Tag Archives: Maureen Howard

The Reader at Large

There you are, on the bus, head in a book, headed home. You even have bedhead.   The woman next to you told you this. 

Having done her hairdo duty, she asks, “Is your book good?”

Am I Holden Caulfield?  Is she Ackley?  Do I dare say, “This sentence is terrific”?  

Maureen Howard (1930-2022)

Now it’s not always like that.  Many passengers are readers, or at least sympathetic to readers.  Sometimes they read a library book.  Sometimes they read on their phone.  I am, at present, reading a Penguin of Maureen Howard’s autobiographical novel, Bridgeport Bus. 

But there is much bustling, what with bicyclists struggling to hitch their bike on the rack on the front of the bus  (Driver:  “I’ve got to get moving, man!”), the homeless guy dragging his garbage bags down the aisle (some of us give up our seats, so we don’t trip over his bags later), men getting hysterical over baseball chat (“Go, team?”), and overhearing noisy conversations about private subjects.

No food and drink are allowed on the bus..  I once had to leave a coffee on the curb. I asked the driver, “Do you want me to litter?” He just raised an eyebrow.

When the reader at large get off the bus, she gallops home, changes into her pajamas, and flops on the couch. And finally she can enjoy the following comic conversation between mother and daughter.

 “Tess Mueller is coming over with their nice son who works at the bank.”…

“That’s a shame,” I tell my mother, “because tonight I’m going to the library in New Haven.”

“The library, the library!” – shrieks of coronary outrage.

This witty early novel by Maureen Howard, published in 1965, is one of my favorites. Some, but not all, of her later books are less straightforward, even experimental, so I recommend Bridgeport Bus as a starter book,

The critically-acclaimed Howard doesn’t seem to be well-known anymore, and that’s a shame. Her books are uneven, but her best are stunning. She was a great American writer.

Mimi on Tolstoy in Maureen Howard’s “The Rags of Time”

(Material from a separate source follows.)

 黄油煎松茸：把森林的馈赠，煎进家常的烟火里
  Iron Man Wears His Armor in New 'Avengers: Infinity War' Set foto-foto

 Today, when I told my husband I was finishing up two books this month, he asked, “Is one of them War and Peace?”

I love Tolstoy so much that it is a family joke.  But, no, I haven’t been reading it.

I just finished Maureen Howard’s The Rags of Time, a kind of woman’s Ulysses, and the last in Howard’s quartet of novels on the seasons.  And there are a few references to War and Peace.

Howard’s double, Mimi, an 80-year-old writer who reflects on American history, personal history, and  the design of Central Park, recalls reading War and Peace as a girl one summer in her parents’ bedroom in Bridgeport, Connecticut. ( N.B.  This episode is also in Howard’s memoir, Facts of Life.)   And near the end of Rags, her husband picks up Mimi’s copy of War and Peace and reads the notes on her rereading . 

“She had read to page 733 in War and Peace, marking the confrontation between Napoleon and the Russian emissary as they moved ahead to their bloody war.  Girlish!!! in the margin next to the description of the emperor. . . a white waistcoat so long that it covered his round stomach, white doeskin breeches fitting tightly over the fat thighs of his stumpy legs, and Hessian boots.  His snuff box, his cologne!  Her notes, trailing down the side of the page, remarked upon the brilliant maneuvers of the scene, the slippery give-take of diplomacy, the rough talk of plain take.  He presumed she’d read the love story, though this time round, her second chance, notes in the margin revealed how closely she observed the lush setting of the Tsar’s palace, the slippery make-nice that preceded war.  Revise, reread, work ahead right up to the end.  He must tell her brother, who maintained that when she took up her post with the fat library book each long Summer day, then slept on a cot in his room–that she snored.”

The Rags of Time is a twenty-first century classic, in my view, but it is generally underappreciated (especially at Goodreads).  I wonder if women’s experimentations with literary form are still less acceptable than men’s.